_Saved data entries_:
========

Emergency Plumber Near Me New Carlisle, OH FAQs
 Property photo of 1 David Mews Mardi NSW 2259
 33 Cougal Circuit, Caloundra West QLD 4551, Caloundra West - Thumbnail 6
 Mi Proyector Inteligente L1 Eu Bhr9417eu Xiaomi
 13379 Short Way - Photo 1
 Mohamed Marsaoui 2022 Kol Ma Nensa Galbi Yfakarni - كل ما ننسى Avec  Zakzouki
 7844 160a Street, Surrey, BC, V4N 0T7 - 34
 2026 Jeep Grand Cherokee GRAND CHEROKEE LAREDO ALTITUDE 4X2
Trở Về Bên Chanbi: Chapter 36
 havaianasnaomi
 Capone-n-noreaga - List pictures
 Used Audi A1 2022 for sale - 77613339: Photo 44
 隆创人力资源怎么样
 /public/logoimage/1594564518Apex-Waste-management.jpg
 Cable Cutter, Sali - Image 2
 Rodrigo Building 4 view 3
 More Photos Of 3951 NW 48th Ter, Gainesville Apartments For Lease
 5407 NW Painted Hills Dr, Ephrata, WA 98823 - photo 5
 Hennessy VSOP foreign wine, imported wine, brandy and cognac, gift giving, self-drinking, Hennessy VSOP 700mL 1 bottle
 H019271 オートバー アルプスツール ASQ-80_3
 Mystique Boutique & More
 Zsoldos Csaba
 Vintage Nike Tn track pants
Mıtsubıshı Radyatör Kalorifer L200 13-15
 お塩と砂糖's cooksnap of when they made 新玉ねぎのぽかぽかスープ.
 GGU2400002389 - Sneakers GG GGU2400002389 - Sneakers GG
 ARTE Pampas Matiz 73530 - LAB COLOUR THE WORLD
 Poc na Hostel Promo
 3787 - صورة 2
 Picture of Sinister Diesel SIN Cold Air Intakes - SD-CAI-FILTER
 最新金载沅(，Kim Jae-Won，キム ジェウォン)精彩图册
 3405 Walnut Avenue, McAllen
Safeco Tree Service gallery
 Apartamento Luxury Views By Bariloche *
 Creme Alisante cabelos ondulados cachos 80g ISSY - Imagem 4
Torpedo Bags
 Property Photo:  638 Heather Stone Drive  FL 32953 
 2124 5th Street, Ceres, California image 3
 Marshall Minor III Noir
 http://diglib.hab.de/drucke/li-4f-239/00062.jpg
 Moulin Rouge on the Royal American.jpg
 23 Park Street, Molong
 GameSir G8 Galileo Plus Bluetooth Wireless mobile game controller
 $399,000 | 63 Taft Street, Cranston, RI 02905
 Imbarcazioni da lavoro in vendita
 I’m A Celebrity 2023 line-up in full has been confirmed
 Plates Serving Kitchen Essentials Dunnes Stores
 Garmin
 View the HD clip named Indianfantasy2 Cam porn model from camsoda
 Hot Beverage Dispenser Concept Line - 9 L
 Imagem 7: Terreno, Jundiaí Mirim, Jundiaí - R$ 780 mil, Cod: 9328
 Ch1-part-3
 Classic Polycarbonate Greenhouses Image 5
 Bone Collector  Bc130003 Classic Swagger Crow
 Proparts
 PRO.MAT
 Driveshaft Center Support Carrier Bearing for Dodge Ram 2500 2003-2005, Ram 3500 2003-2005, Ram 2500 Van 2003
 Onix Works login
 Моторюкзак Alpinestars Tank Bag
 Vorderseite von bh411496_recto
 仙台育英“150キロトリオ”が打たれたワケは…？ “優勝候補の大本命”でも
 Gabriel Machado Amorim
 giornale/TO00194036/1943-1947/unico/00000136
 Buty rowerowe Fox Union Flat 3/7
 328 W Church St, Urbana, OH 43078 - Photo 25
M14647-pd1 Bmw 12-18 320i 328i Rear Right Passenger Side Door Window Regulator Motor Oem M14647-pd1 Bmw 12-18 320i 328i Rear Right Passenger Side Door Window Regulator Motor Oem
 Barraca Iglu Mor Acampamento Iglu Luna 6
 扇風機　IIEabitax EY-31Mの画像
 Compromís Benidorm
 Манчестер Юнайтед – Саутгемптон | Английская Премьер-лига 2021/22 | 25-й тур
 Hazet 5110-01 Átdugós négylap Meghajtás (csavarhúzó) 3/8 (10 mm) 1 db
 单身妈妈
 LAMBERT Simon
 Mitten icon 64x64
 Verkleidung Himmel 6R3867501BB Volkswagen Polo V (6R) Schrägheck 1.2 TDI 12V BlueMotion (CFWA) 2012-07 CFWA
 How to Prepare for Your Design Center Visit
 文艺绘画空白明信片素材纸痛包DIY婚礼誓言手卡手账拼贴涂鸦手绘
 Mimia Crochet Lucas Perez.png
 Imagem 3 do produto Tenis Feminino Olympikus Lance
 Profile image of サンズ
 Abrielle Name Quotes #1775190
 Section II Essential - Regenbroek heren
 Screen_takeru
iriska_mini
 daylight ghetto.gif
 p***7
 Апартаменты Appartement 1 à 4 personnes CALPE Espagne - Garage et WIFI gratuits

========

_PROBLEM REQUIREMENTS_:
Show each line in the entries that holds the string "Classic".

_WRITTEN RESPONSE_:
 Classic Polycarbonate Greenhouses Image 5
 Bone Collector  Bc130003 Classic Swagger Crow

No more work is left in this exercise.